Insects and their habitats inspire and feature in many animated films yet, frequently anthropomorphized, these representations do not reflect current post and anti-humanist theses: that human and non-human bodies actually rarely recognise, or come close to one another (Colebrook, 2014: 37). This presentation argues that the high contact levels involved in handmade animation yields haptic and indexical imagery of traces and imprints that, often evading the control of the mechanical or digital, can manifest a more relational intermingling of living things. Degrees of contact with film materials and insect matter in handmade film vary: Stan Brakhage’s controlled application of moths to film in Mothlight (1963), makes no attempt to involve the insects themselves as co-creators of the work (Silke Panse, 2013: 2). At the opposite, hands-off extreme, Emmanuel Lefrant’s burial of analogue film, Partie visible et invisible d’un ensemble sous tension (2009) is enlivened with chthonic organisms. Also concerned to materialize the otherwise unseen of the creaturely, Vicky Smith’s Not (a) Part (2019) renders visible the bodily fluids of (dead) insects, while in Margaret Tait’s Garden Pieces: Fliers (1998), sketchy lines scored into film make visible the relations between airborne creatures and the force of the wind.
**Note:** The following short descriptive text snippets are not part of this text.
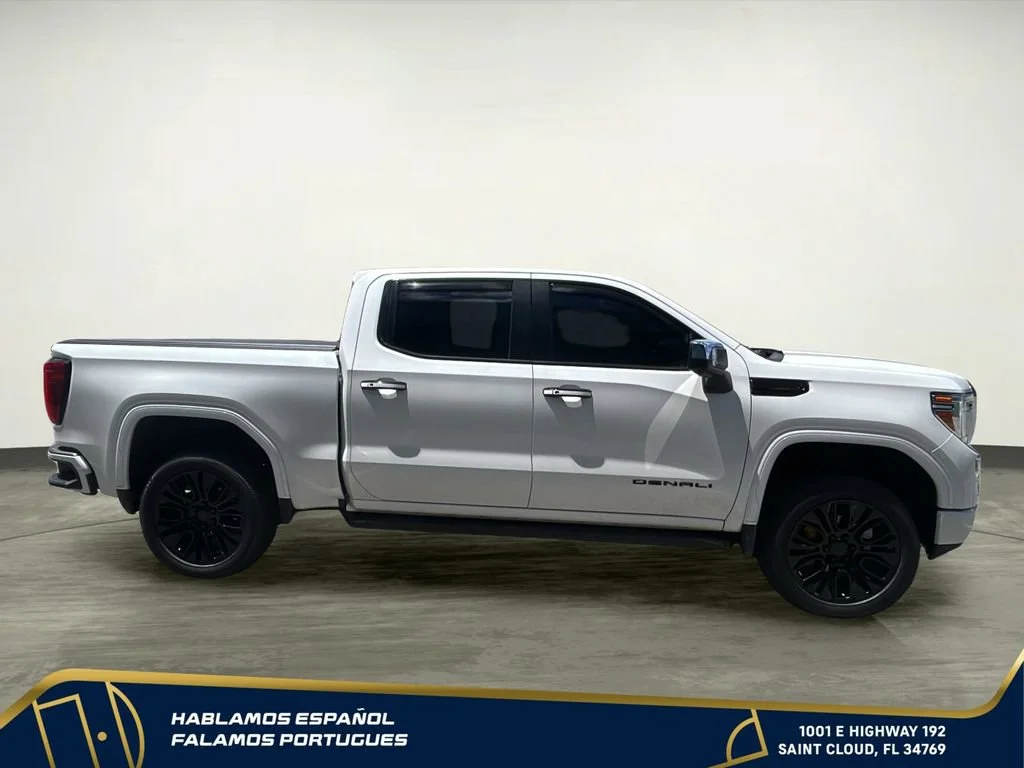 Used 2021 WHITE FROST TRICOAT GMC Denali image 7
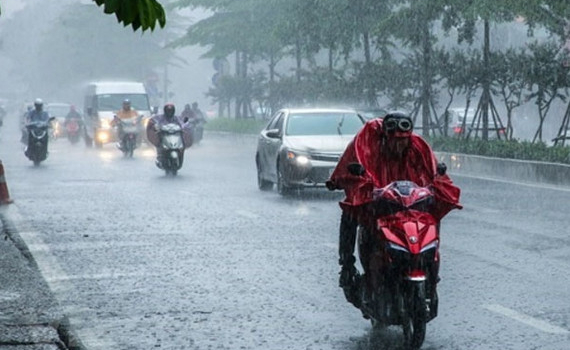 Thời tiết ng&agrave;y 5-8: Cả nước c&oacute; mưa v&agrave; d&ocirc;ng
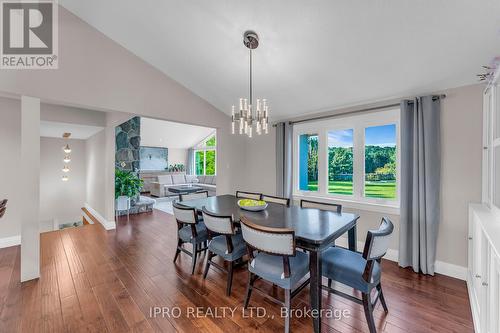 993608 Mono-Adjala Townline, Mono, ON - Indoor Photo Showing Dining Room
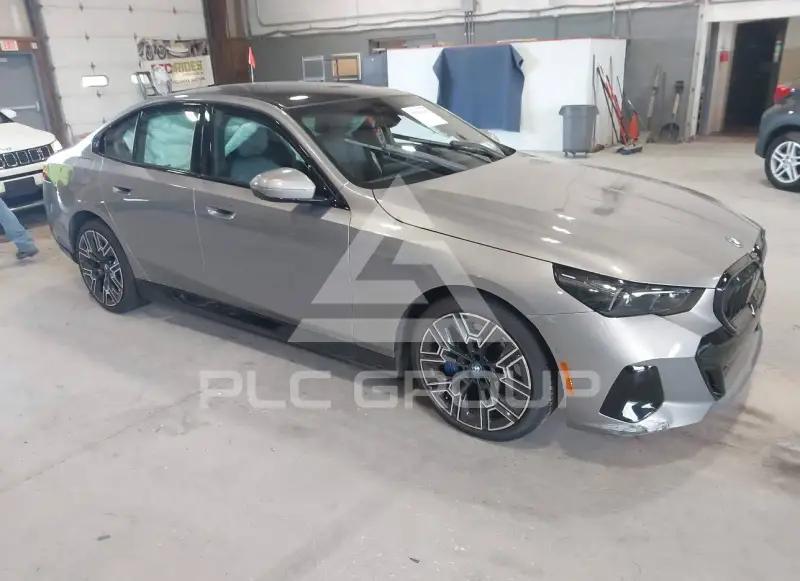 2024 BMW I5 фото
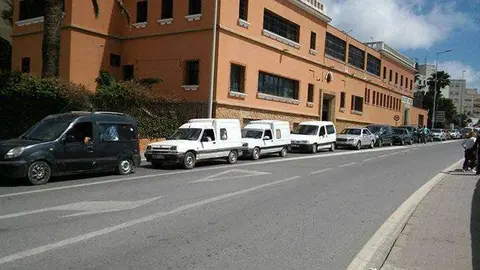 Atasco de veh&iacute;culos a la altura de La Almadraba (C.A.)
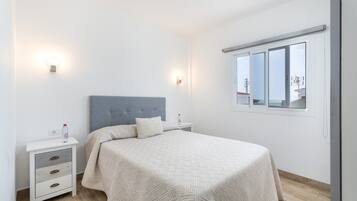 2 quartos, ferros/tábuas de passar roupa, Wi-Fi, roupa de cama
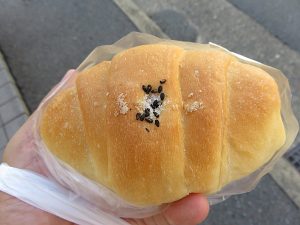 さつま芋塩パン：セイジツベーカリー
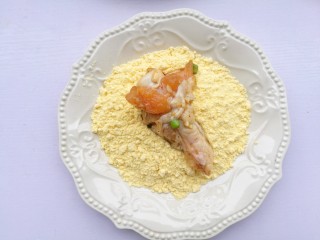 15、外酥里嫩的黄金炸鸡腿,鸡腿依次裹上一层淀粉。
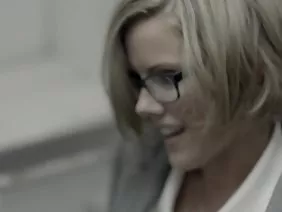 Las nenas tetonas no requieren palabras para comenzar a chuparse las clits de las demás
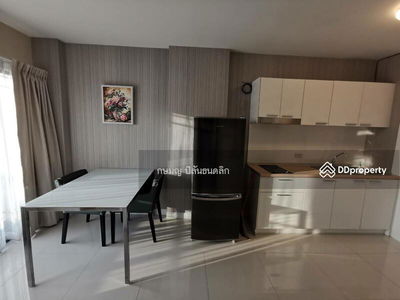 Summer Garden Chaeng Wattana, Nonthaburi, Thailand Summer Garden Chaeng Wattana, Nonthaburi, Thailand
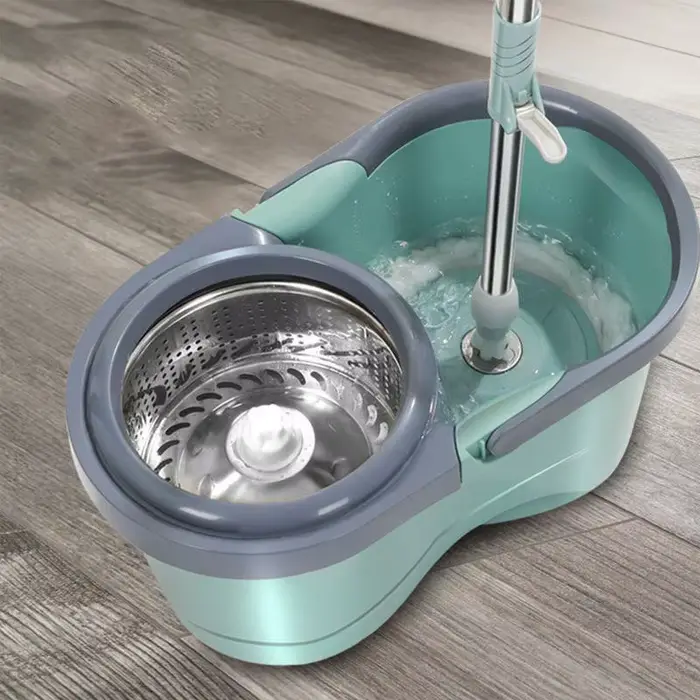 Serpillière automatique avec seau et brosse rotative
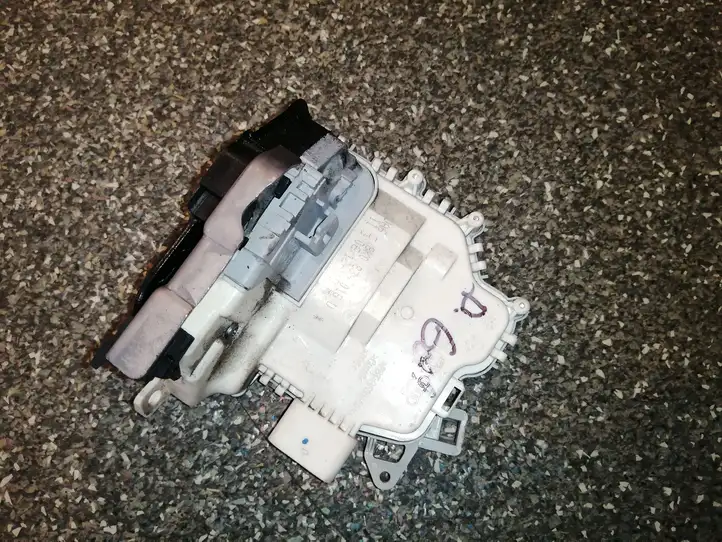 Audi A4 S4 B8 8K (2011 - 2015) 8K0839016D Замок задней двери — фото 1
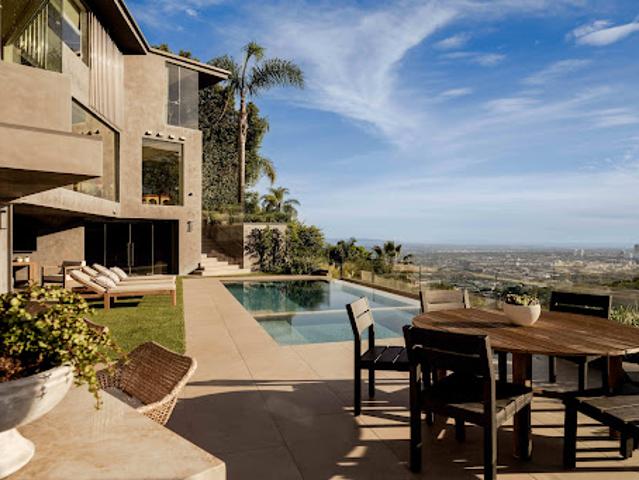 House for sale in Canoga Park, California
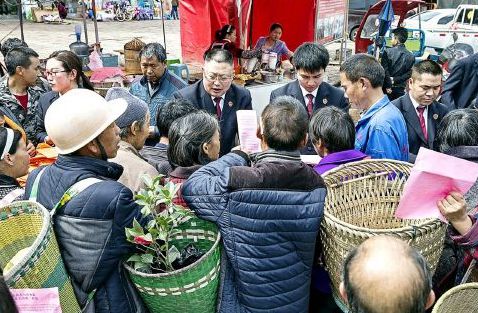 30吨甲醛水侧翻泄漏 消防着重型防化服堵漏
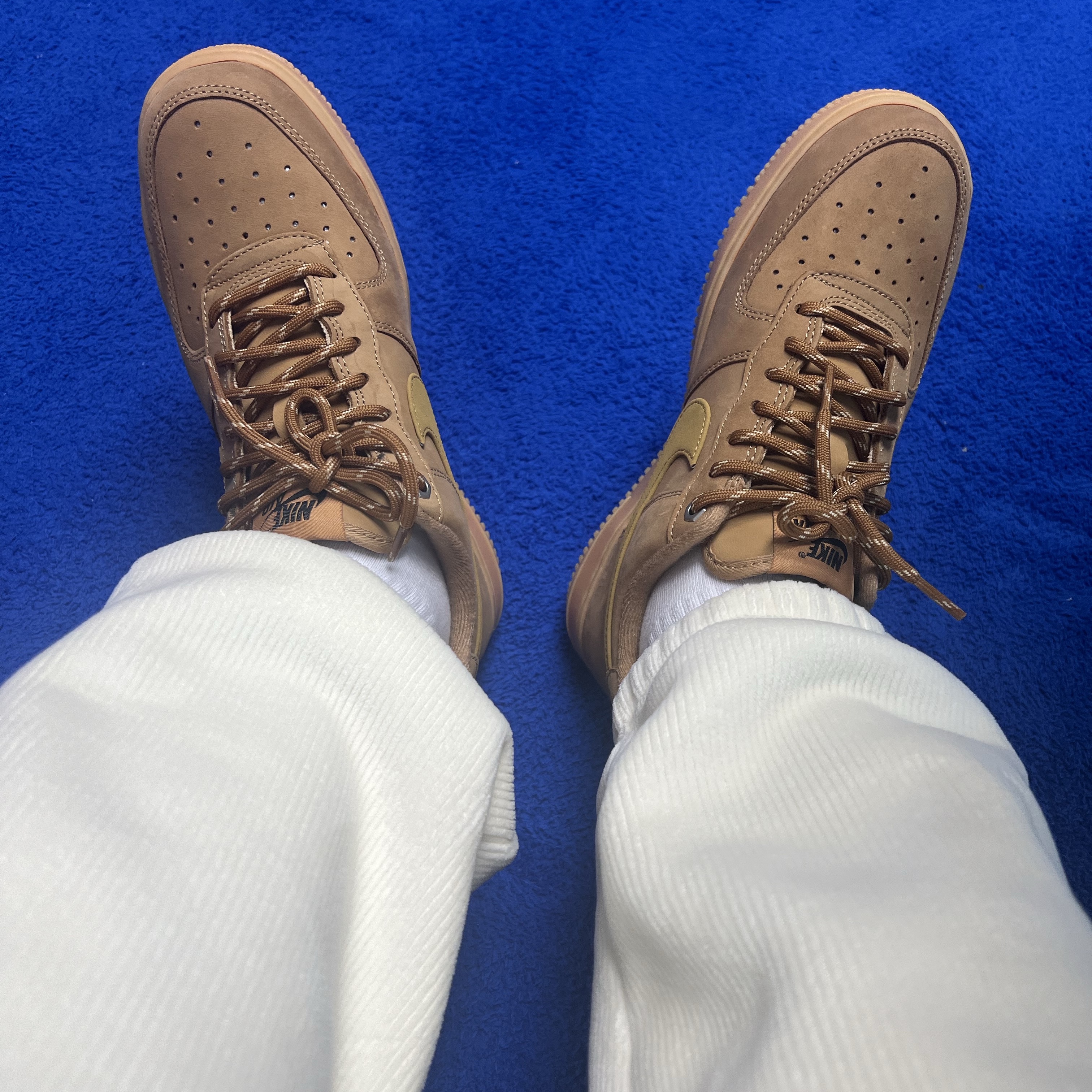 Nike Air Force 1 '07 WB Flax 착용 스타일 - 2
Encouraging conditions for nonhuman forces to become perceptible, these and other handmade animated insect films exemplify the potential to disrupt anthropocentricism, thus promoting a rethinking of our relationship with biodiversity. The presentation will draw on post-humanist and ecological film studies to better understand the possibilities for de-centering the human subject in film, such as the questioning of the centrality of the gaze in establishing relations of familiarity (Pick, 2015); the place of haptic, materialist, DIY imagery in cinema (Knowles, 2020) and the proposition that the non-human altogether defies representation (Colebrook). 

References: Colebrook, Claire (2014) Death of the Posthuman: Essays on Extinction, Vol 1, Open Humanities Press; Knowles, Kim (2020) Experimental Film and Photochemical Practices, London: Palgrave Macmillan; Panse, Silke & Pick Anat (2013) Screening Nature: Flora, Fauna and the Moving Image

Dr Vicky Smith is an artist and researcher who works in experimental animation to express different perspectives on bodily relations to a broader ecology of vulnerability. Her work screens internationally, in galleries and festivals, currently in “A Picture of Health” at Bristol Arnolfini (2021). She runs workshops in experimental film practice including at Arnolfini, Bristol Experimental & Expanded Film: BEEF and Lux, and has curated related film screenings, such as Go, Go, Go! Women in Experimental Animation (2019). Publications include, most recently, Hand Drawn and Non-Natural Colour in Films by Barbara Hammer and Sandra Lahire (2021) in Animation Studies 2.0 (https://blog.animationstudies.org/?p=4040), Experimental & Expanded Animation: Current Perspectives and Practices, co-edited with Nicky Hamlyn (2018) and Not (A) Part: Handmade Animation, Materialism and Eco-aesthetic Cinema (2019) in Animation Practice, Production & Process issue 7.